>>

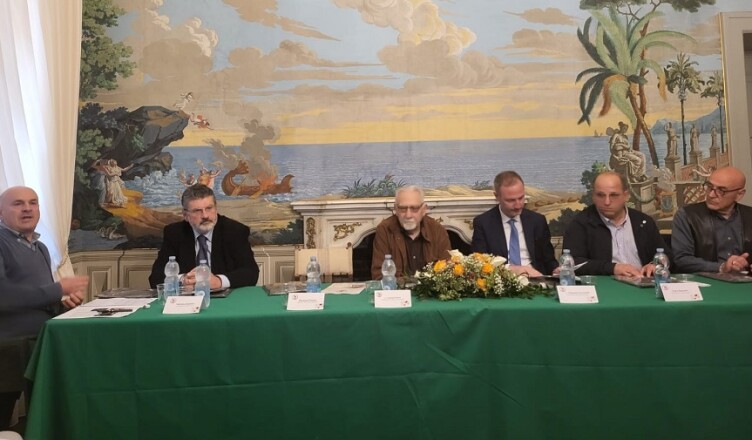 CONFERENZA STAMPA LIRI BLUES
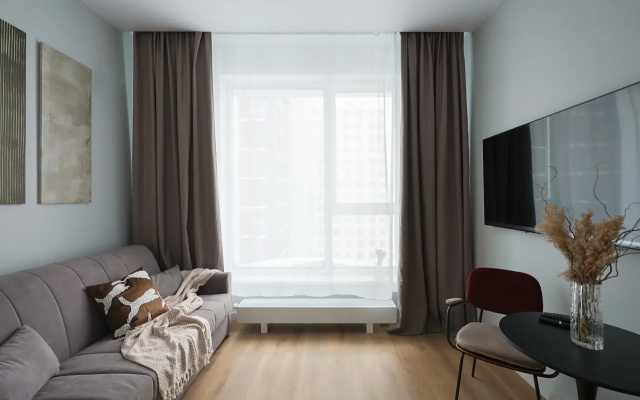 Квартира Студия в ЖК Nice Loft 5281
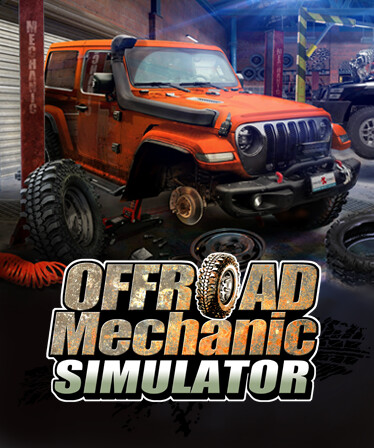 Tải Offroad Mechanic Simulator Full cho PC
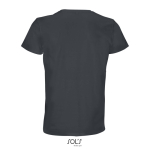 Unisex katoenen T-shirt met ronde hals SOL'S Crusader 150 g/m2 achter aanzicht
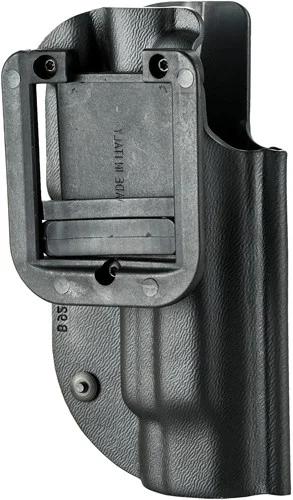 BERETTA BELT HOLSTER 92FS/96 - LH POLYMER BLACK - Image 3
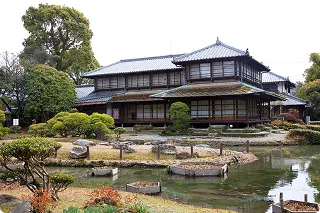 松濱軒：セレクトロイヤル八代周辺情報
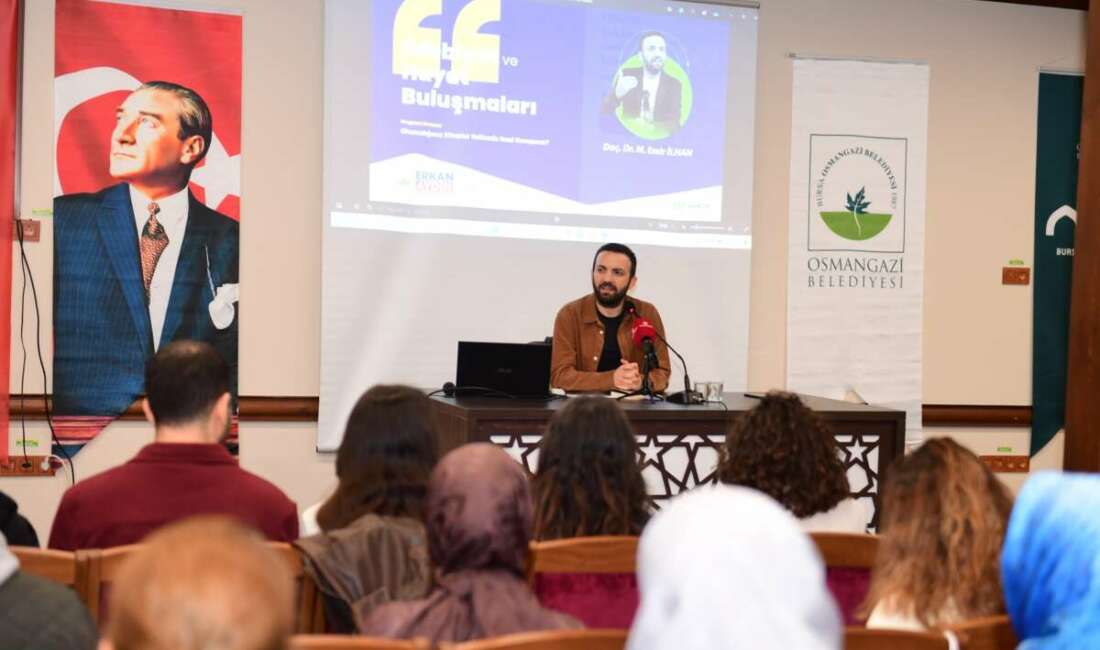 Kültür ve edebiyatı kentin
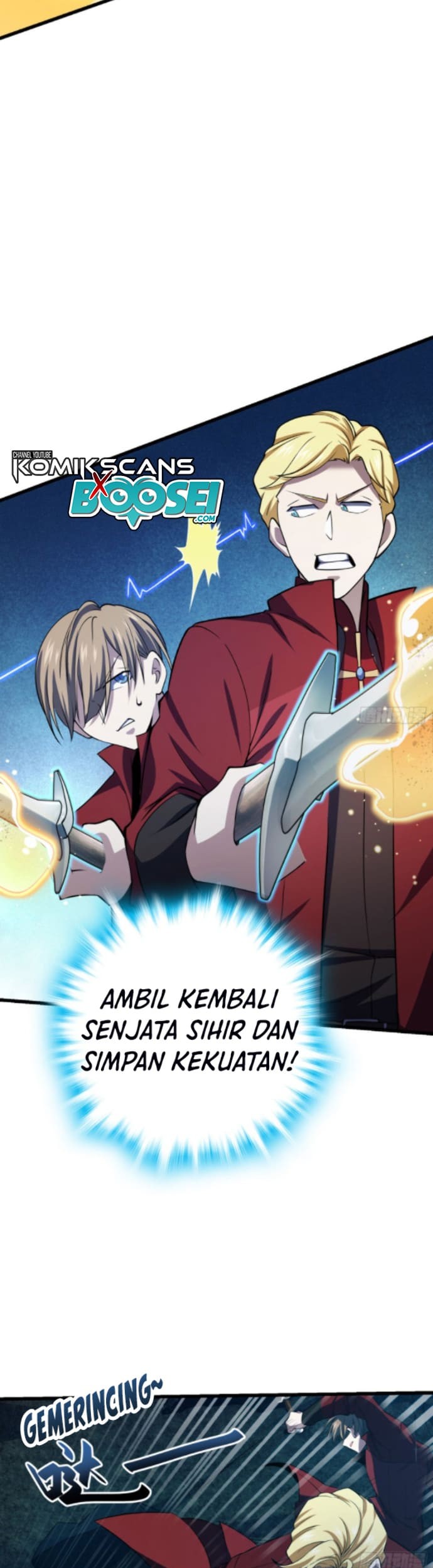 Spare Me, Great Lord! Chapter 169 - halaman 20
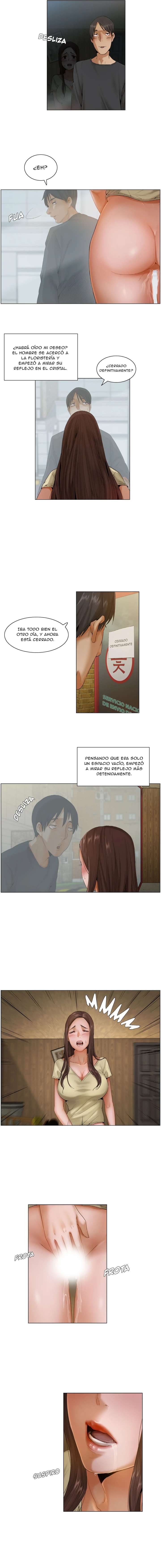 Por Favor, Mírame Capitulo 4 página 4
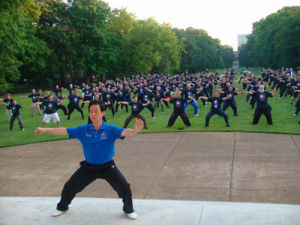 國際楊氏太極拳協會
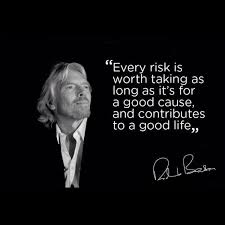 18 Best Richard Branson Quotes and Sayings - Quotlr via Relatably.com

<<

Directions:
Everything in the entries except the pictures must be duplicated exactly.

Problem solution:
 CONFERENZA STAMPA LIRI BLUES
 Квартира Студия в ЖК Nice Loft 5281
 Tải Offroad Mechanic Simulator Full cho PC
 Unisex katoenen T-shirt met ronde hals SOL'S Crusader 150 g/m2 achter aanzicht
 BERETTA BELT HOLSTER 92FS/96 - LH POLYMER BLACK - Image 3
 松濱軒：セレクトロイヤル八代周辺情報
 Kültür ve edebiyatı kentin
 Spare Me, Great Lord! Chapter 169 - halaman 20
 Por Favor, Mírame Capitulo 4 página 4
 國際楊氏太極拳協會
 18 Best Richard Branson Quotes and Sayings - Quotlr via Relatably.com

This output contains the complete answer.